> Information shown
□ □ □ □ □ □ □
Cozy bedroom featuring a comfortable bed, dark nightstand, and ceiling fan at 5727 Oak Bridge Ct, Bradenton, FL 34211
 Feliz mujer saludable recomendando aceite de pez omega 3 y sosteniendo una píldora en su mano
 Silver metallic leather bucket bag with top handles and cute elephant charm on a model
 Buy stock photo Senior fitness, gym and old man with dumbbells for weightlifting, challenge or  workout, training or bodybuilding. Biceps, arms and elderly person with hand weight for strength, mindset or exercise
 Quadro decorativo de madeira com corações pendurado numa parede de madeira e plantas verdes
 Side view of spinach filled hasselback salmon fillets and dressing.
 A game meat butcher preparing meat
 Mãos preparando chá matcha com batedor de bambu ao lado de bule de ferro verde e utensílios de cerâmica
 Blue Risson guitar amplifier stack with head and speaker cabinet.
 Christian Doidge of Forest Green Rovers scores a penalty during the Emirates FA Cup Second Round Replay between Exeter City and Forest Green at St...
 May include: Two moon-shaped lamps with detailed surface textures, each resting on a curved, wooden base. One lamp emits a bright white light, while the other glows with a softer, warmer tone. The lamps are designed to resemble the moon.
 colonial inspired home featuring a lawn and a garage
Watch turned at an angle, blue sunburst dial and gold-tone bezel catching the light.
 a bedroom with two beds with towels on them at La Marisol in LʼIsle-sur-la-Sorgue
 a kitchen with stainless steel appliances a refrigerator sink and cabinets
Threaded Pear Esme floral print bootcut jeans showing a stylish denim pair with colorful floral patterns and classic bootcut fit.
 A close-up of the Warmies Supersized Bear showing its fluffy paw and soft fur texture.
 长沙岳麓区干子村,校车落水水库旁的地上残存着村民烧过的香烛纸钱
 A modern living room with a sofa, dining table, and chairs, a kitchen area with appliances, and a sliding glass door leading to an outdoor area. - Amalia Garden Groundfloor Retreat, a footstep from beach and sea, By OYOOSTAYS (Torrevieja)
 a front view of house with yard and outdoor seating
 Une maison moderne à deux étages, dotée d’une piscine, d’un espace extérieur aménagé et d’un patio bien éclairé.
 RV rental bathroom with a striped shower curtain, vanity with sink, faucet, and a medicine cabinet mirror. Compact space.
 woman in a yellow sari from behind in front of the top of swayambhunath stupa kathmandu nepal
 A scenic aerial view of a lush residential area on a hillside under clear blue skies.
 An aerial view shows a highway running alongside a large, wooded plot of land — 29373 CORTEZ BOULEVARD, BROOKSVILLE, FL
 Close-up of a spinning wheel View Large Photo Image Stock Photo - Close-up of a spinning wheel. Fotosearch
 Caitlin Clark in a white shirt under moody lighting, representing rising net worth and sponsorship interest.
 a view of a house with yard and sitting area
□ □ □ □ □ □ □
> What you need to do
In the data above, how many lines contain the word "appliances"? Write the number only.

> Answer area
2